# Don't Worry!



## Ian

Hi
is this the correct way to say 'Don't worry!' (the recipient is female if that makes a difference)

'Non essere preoccupato!'

Thanks

Ian


----------



## VeraTI

Ian said:
			
		

> Hi
> is this the correct way to say 'Don't worry!' (the recipient is female if that makes a difference)
> 
> 'Non essere preoccupato!'
> 
> Thanks
> 
> Ian


Hi Ian,
If it's femenine it should be "Non essere preoccupata", but in italian we usually say "Non ti preoccupare", which can be directed both to woman and man.
Ciao!


----------



## Silvia

No, that means: don't be worried.

Don't worry = non ti preoccupare or non preoccuparti (I think the latter is more colloquial and more frequent), but actually they're the same and interchangeable


----------



## Manuel_M

Ian,

The polite form is of course "Non si preoccupi" and can be addressed to both males and females.


----------



## La Bionda

Ciao!!!!

Come si dicce in italiano questa frase ('Don't worry!'). Is there a similar expression/exclamation in Italian?

Grazie!


----------



## Lisa_I

Non ti preoccupare!


----------



## lsp

La Bionda said:
			
		

> Ciao!!!!
> 
> Come si dice in italiano questa frase ('Don't worry!'). Is there a similar expression/exclamation in Italian?
> 
> Grazie!


Hi, La Bionda
Small typo... Lisa_I gave you the right answer for saying this to one person, with whom you are on a first-name basis.


----------



## Lisa_I

Good point, lsp.  To more than one person it would be "Non vi preoccupate!", to one person formal it would be "Non si preoccupi!"


----------



## La Bionda

Thank you!


----------



## ivanbcn

To sum up:

Non ti preoccupare = Non preoccuparti*    (SING, informal)

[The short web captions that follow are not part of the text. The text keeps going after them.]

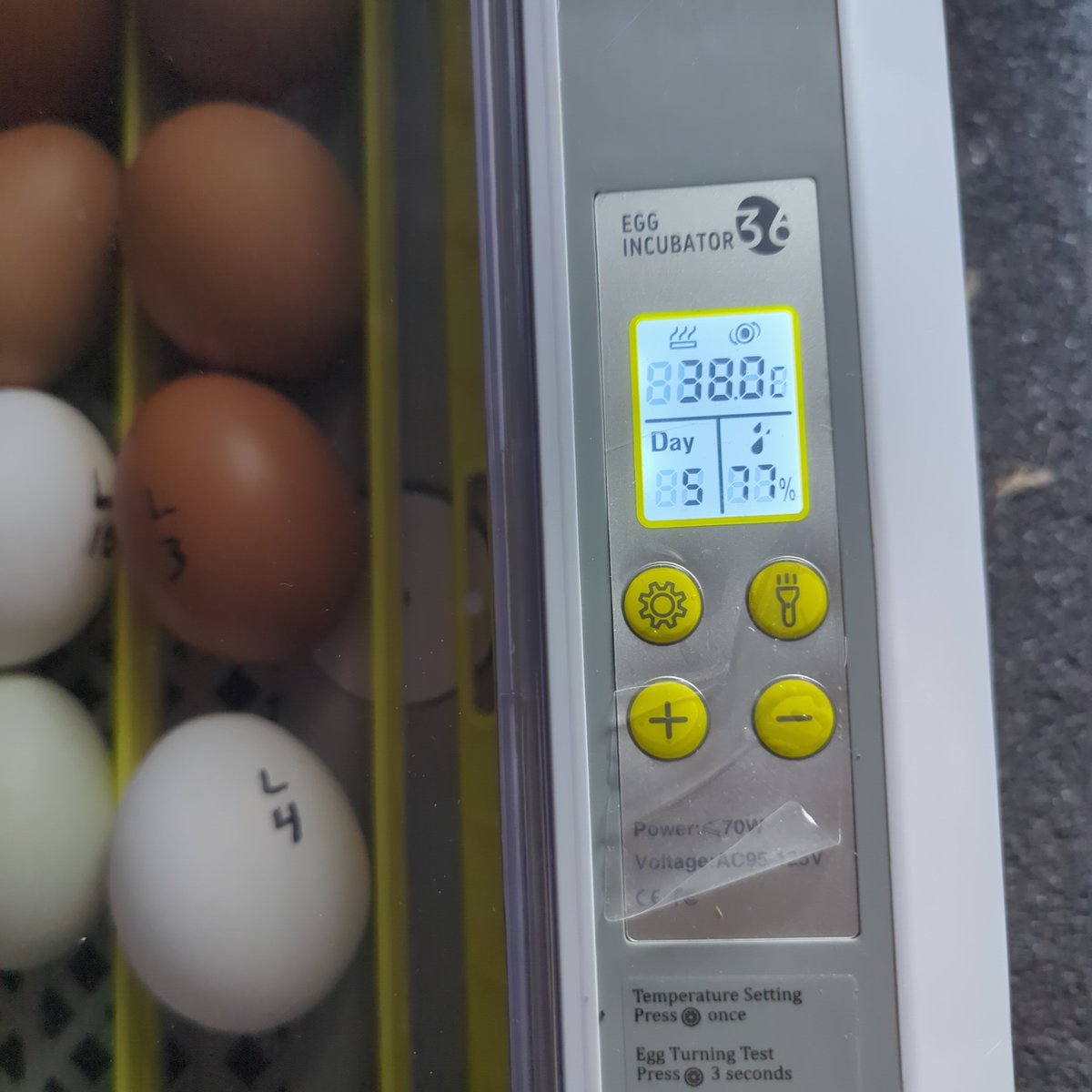 shayadanziger's tweet image. #eggs #eggshatching #eggsincubator 
#Shayasbethelfarm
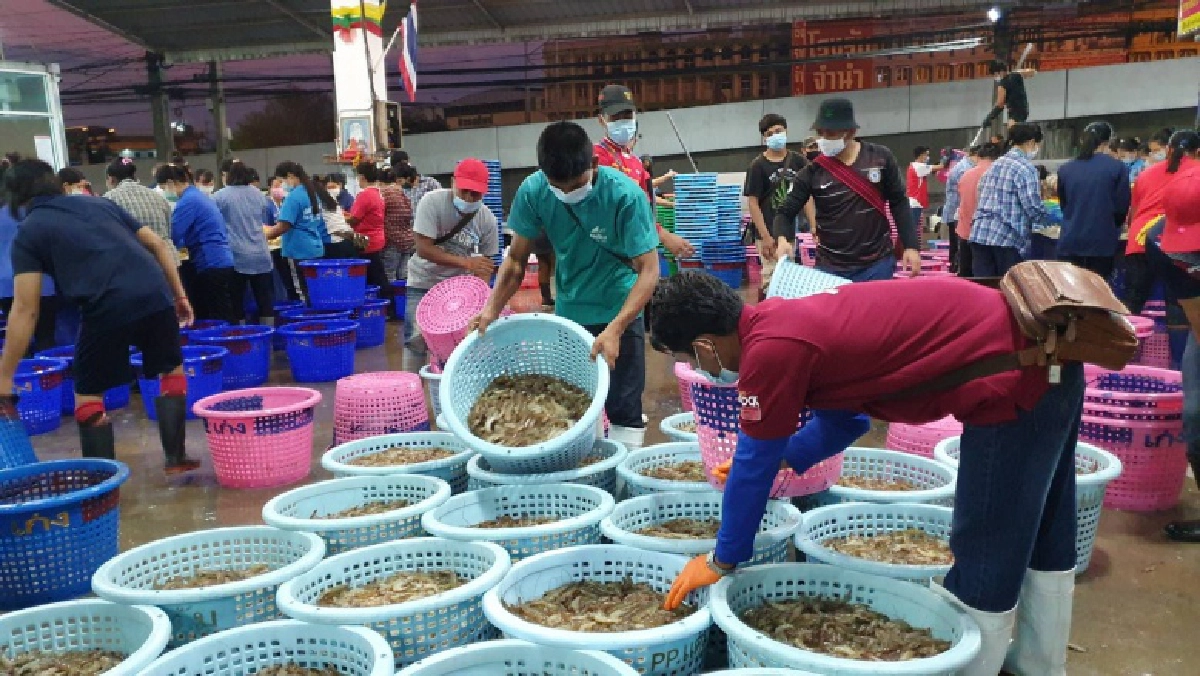 เปิดตลาดกลางกุ้งวันนี้ หลังปิดมานาน3เดือน พ่อค้าแม่ค้ากลับมาคึกคักอีกครั้ง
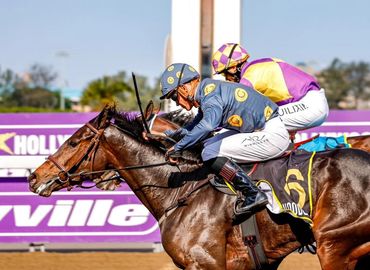 Glistian Syndicate horse Camford Queen winner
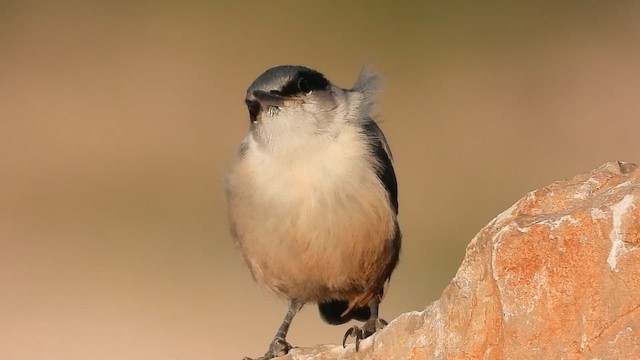 Kaya Sıvacısı - ML647605142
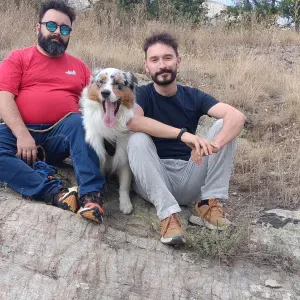 CINISELLO BALSAMO Cerco una persona fidata 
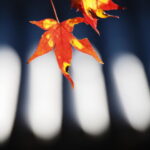 廣泰寺（玉城町宮古）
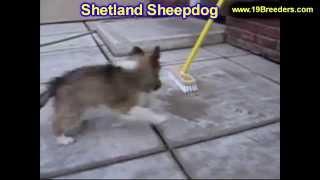 puppies for sale in eau wi shetland sheepdog puppies for sale in eau wi shetland sheepdog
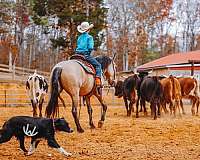 ridden-western-quarter-pony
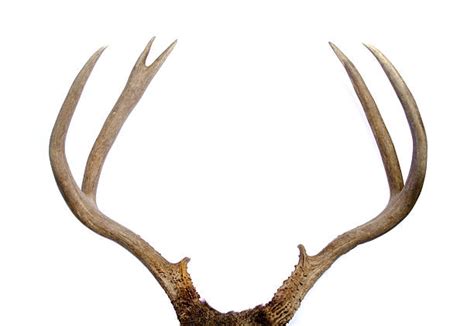 antler stock  pictures royalty  images istock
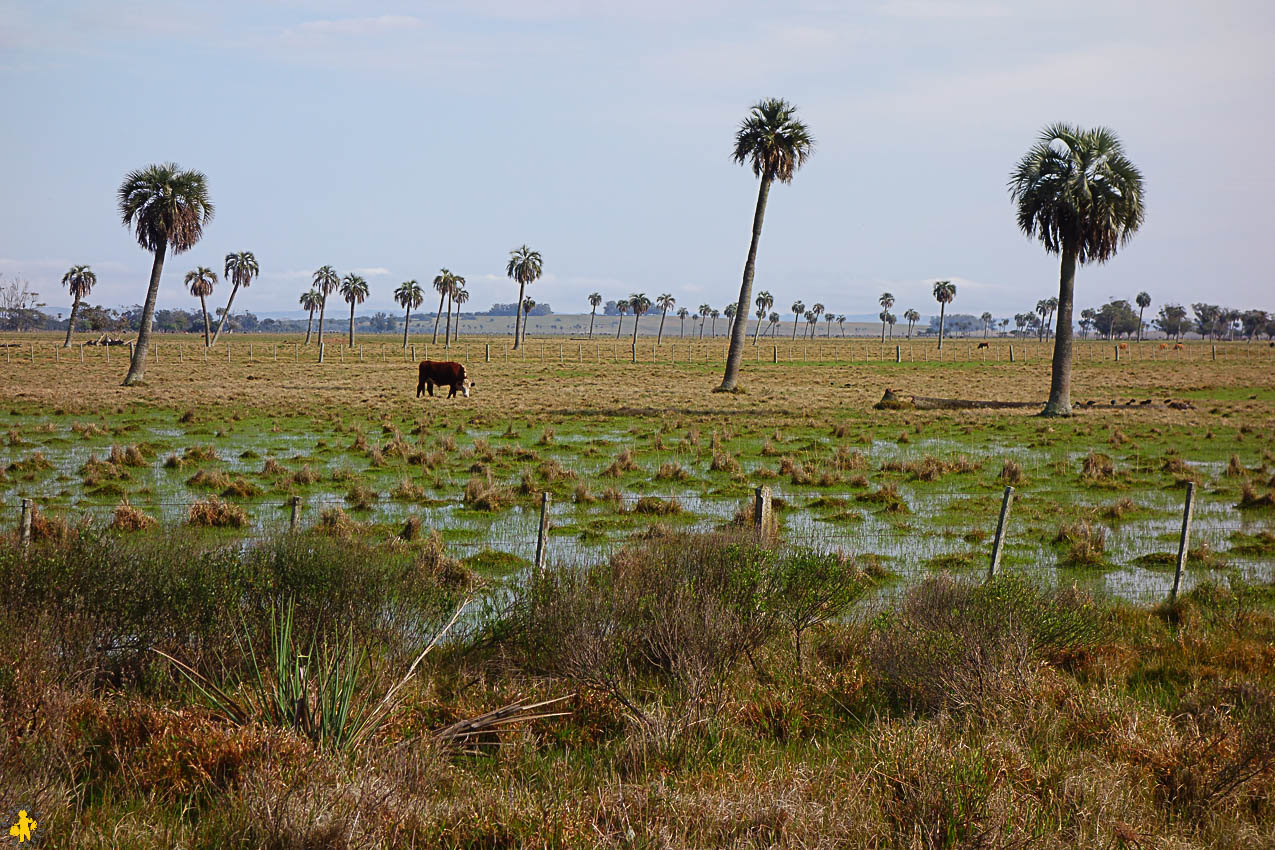 Road trip centre Uruguay en 4x4 et en famille | Blog VOYAGES ET ENFANTS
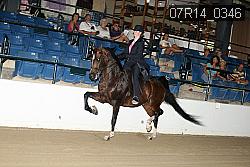 07R14_0346 proof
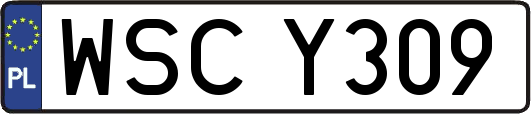 WSCY309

Non vi preoccupate = Non preoccupatevi*  (PLUR, informal)

*Both possible and interchangeable (it's possible to put the clitic either before or after the verb)

Non si preoccupi     (SING, formal)

Non si preoccupino  (PLUR, formal)

bye Ivan


----------



## rom_itn

ivanbcn said:
			
		

> To sum up:
> 
> Non ti preoccupare = Non preoccuparti* (SING, informal)
> 
> Non vi preoccupate = Non preoccupatevi* (PLUR, informal)
> 
> *Both possible and interchangeable (it's possible to put the clitic either before or after the verb)
> 
> Non si preoccupi (SING, formal)
> 
> Non si preoccupino (PLUR, formal)
> 
> bye Ivan


 
Hi Ivan, just two questions please..

1. Is it wrong if someone say "non vi preoccupare" instead of "non vi preoccupate"?

2. *Non si preoccupino (PLUR, formal) - *shouldn't it be "non si preoccupano" seeing as the present indicative third person plural of "preoccupare" is not "preoccupino"?

Rom


----------



## ivanbcn

rom_itn said:
			
		

> Hi Ivan, just two questions please..
> 
> 1. Is it wrong if someone say "non vi preoccupare" instead of "non vi preoccupate"?
> 
> 2. *Non si preoccupino (PLUR, formal) - *shouldn't it be "non si preoccupano" seeing as the present indicative third person plural of "preoccupare" is not "preoccupino"?
> 
> Rom


 
1-  non vi preoccupare  is wrong the only accepatable form is "non vi 
         preoccupate" 

2- "Non si preoccupino", is correct (in this case the imperativo borrows a 
         form from the congiuntivo presente)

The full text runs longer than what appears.